There was a period between 2012 and 2014 when West Indies had a slightly better win-loss ratio, 9-11, in 24 Tests. However, six of those nine wins had come against Bangladesh – who were a much poorer side then than they are now – and Zimbabwe.
Two factors have chiefly contributed to these wins: the bowling, more specifically their pace attack, and the captain, who also happens to be their best batsman and bowler over the last two-and-a-half years.
Pace was the cornerstone of West Indies’ dominance in the 1980s, and it seems to be playing a part in their revival now. Since October 30, 2016, West Indies’ seamers have averaged 25.59; only South Africa’s fast bowlers have done better in this period, averaging 21.50.
In the previous 21 Tests, West Indies’ pacers had averaged 42.70, which was worse than all those of all teams except Bangladesh. This resurgence of their pace attack has made the biggest difference; the spinners have improved their average from 47.23 to 37.17, but the batting numbers have actually dipped in this period. West Indies’ batsmen average 25.93 runs per wicket, compared to 26.99 in the previous 21 Tests. Given this reliance on pace, it isn’t surprising that West Indies struggled in the subcontinent, where conditions were generally more favourable for spin.
Three of West Indies’ seamers – Jason Holder, Kemar Roach and Shannon Gabriel – have taken 40-plus wickets at sub-25 averages during this period, which is reminiscent of West Indies’ fast-bowling numbers during their glory years. From the start of 2000, until this phase, West Indies’ fast bowlers averaged 35.87, which means they have shaved off more than 10 runs from that average in the last couple of years.
Holder, who took over the captaincy at the age of 23, leads the batting and bowling averages for his team during this period (among players who have played more than one Test). He is also second in catches taken by non-wicketkeepers, and he has pulled these feats off while shouldering the captaincy.
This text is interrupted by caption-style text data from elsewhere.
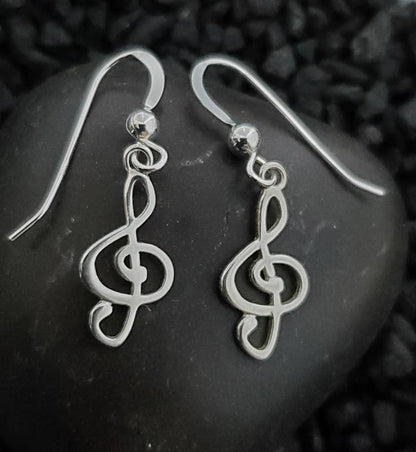 Sosie Designs - Pendientes con clave de sol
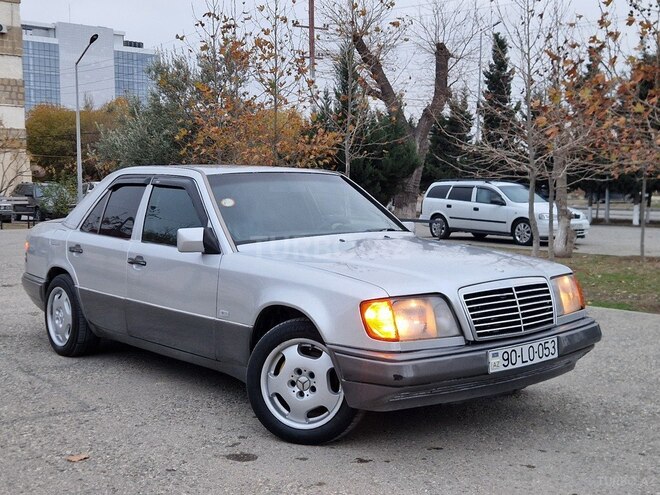 Mercedes E 220 1995, 285,336 km - 2.2 л - Sumqayıt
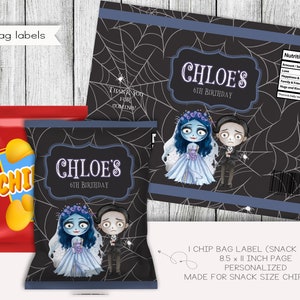 Puede incluir: Dos etiquetas imprimibles para bolsas de patatas fritas con un diseño de telaraña en blanco y negro y una pareja de dibujos animados en el centro. El texto de las etiquetas dice "Chloe's 6th Birthday".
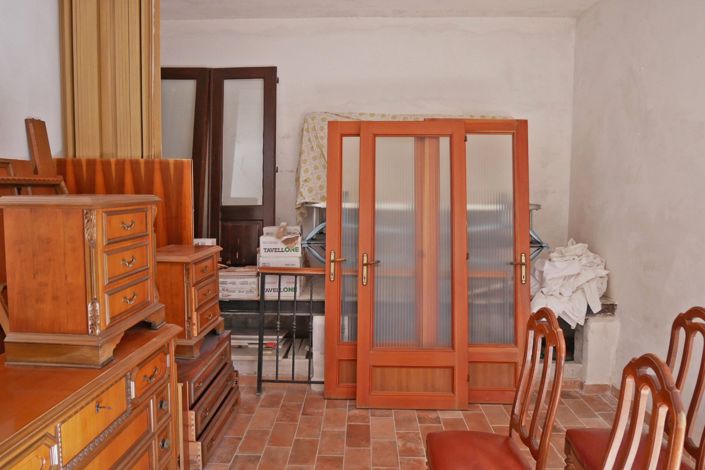 Image No.49-3 Bed Property for sale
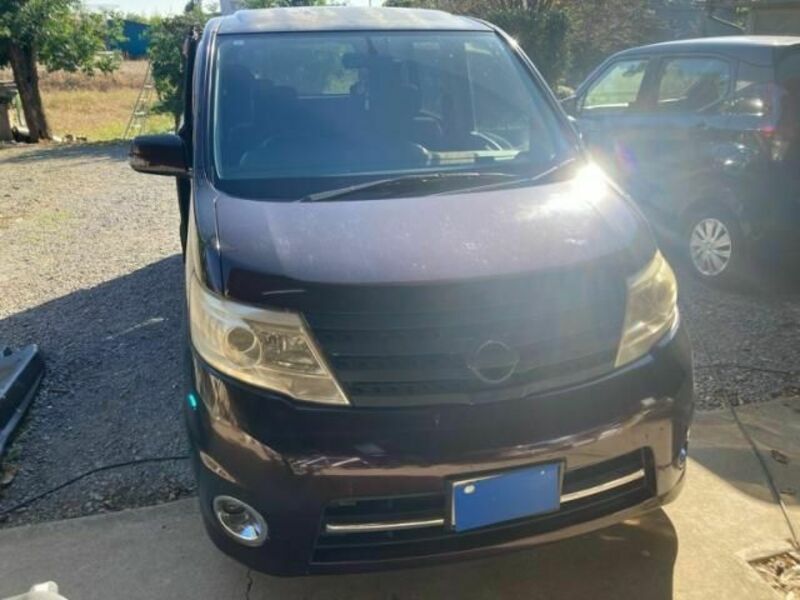 NISSAN　SERENA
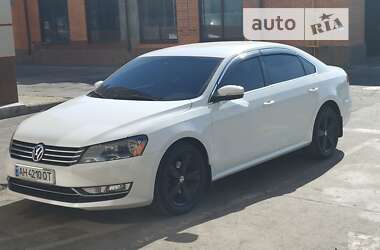 Седан Volkswagen Passat 2013 в Харкові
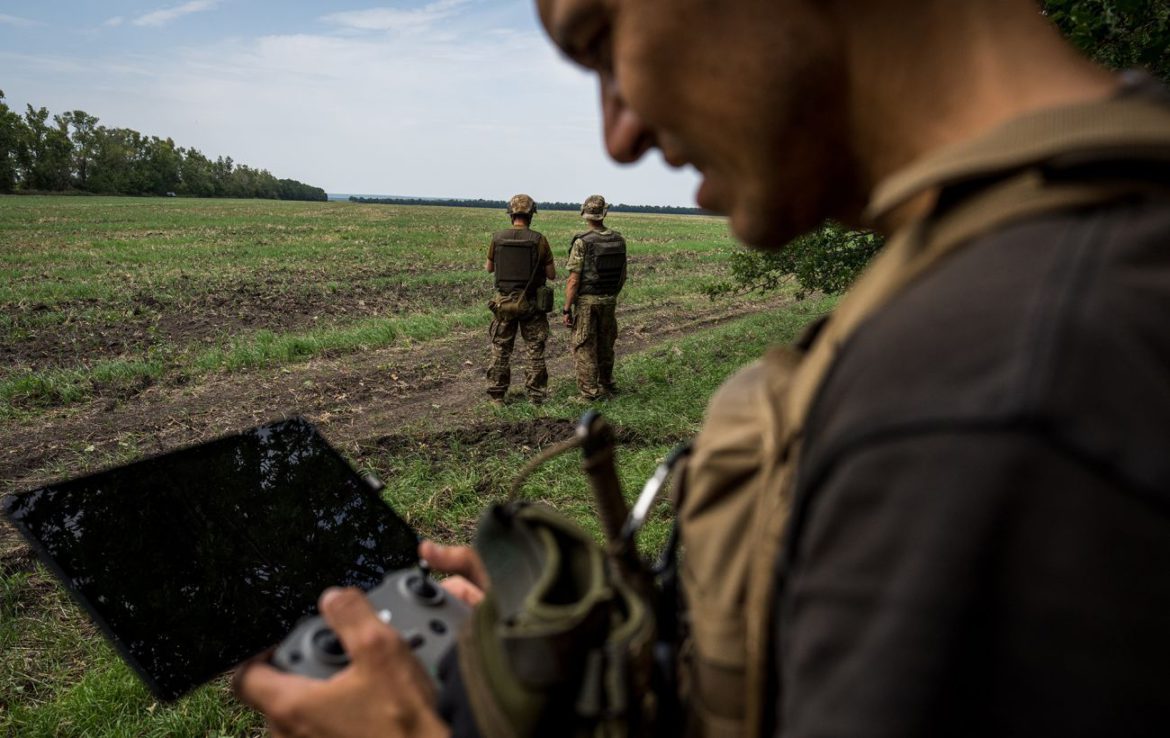 Українські бійці двома потужними дронами знищили “Град” на околицях Бахмута (відео)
Jason Holder has been West Indies’ Superman in these last two years. He hasn’t played four Tests in this period, and West Indies’ results in those four games are as follows:
• Lost by 240 runs v New Zealand, Hamilton
• Lost by an innings & 272 runs v India, Rajkot
• Lost by 64 runs v Bangladesh, Chattogram
• Lost by an innings and 184 runs v Bangladesh, Mirpur
Clearly, Holder has been West Indies’ talisman. Among all the West Indies players who have played more than one Test, Holder’s batting average of 39.04 is the highest, while his bowling average of 20.61 is third among fast bowlers with 40-plus wickets during this period.
Holder is also the only player to score 750-plus runs and take 30-plus wickets in Tests since October 30, 2016. Holder’s ability to perform at his best with both bat and ball while also leading the team puts him in truly elite company in an all-time list. He is one of only nine captains to achieve the double of 1000 runs and 50 wickets, while the difference of 6.96 between his batting average (33.68) and bowling average (26.72) is third in this list, next only to the legendary Imran Khan and Garry Sobers. Not surprisingly, he is currently on top of ICC’s rankings for Test all-rounders.
All Holder needs now is a little more help from the batsmen, to take West Indies to the next level in Test cricket.